Paniolo pride on display at the UH Hilo Heritage Center
The year-long exhibit in Honoka‘a will showcase the rich paniolo history of Hāmākua.
A new exhibit, Na Paniolo o Hāmākua, The Cowboys of Hāmākua, opens Mar. 31, 5:00 p.m., at the University of Hawai‘i at Hilo Heritage Center in Honoka’a. The year-long exhibit will showcase photographs and artifacts from Hāmākua-area ranches and paniolo (cowboys). The opening and exhibit are free to the public.
“When most people think of the post-Western contact history of the Hāmākua coast they think of sugar plantations, but there is a rich legacy of ranching in the area,” says Eileen “Momi” Naughton, coordinator of the Heritage Center. “Most of the plantations had their own ranches to provide horses and mules to the plantations as well as dairy products and meat for employees.”
Naughton explains the start of ranching in Hāmākua is largely a Portuguese story.
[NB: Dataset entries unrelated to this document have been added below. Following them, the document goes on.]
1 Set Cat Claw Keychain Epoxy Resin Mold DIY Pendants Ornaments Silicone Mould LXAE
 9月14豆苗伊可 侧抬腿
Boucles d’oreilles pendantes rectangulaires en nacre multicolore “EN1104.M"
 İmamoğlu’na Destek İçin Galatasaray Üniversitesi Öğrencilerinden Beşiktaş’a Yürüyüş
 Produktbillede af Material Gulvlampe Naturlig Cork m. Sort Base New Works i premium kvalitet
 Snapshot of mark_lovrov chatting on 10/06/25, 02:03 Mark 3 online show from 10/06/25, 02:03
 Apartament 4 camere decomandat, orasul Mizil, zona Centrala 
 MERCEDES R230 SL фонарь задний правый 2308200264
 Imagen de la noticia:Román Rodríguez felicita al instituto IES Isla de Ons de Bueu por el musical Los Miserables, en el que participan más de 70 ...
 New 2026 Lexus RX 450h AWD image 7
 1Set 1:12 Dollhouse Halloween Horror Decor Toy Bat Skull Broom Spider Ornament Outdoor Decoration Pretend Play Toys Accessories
“When the first Portuguese laborers came to Hawaiʻi in 1878, they brought their families and were given an acre of land and a house as part of their contract,” she says. “When their contracts were over, many Portuguese bought land and started dairies and small ranches. Most Portuguese had come from Madeira and the Azores where dairies were prevalent, so they brought this knowledge with them.”
Naughton has extensive experience in museum and heritage interpretation that includes being a curator at Bishop Museum in Honolulu, teaching interpretive skills in the Hawai‘i No Ka ‘Oi program at Kapi‘olani Community College, and teaching Museum Theory and Practice and Museology at Western Washington University and UH Hilo.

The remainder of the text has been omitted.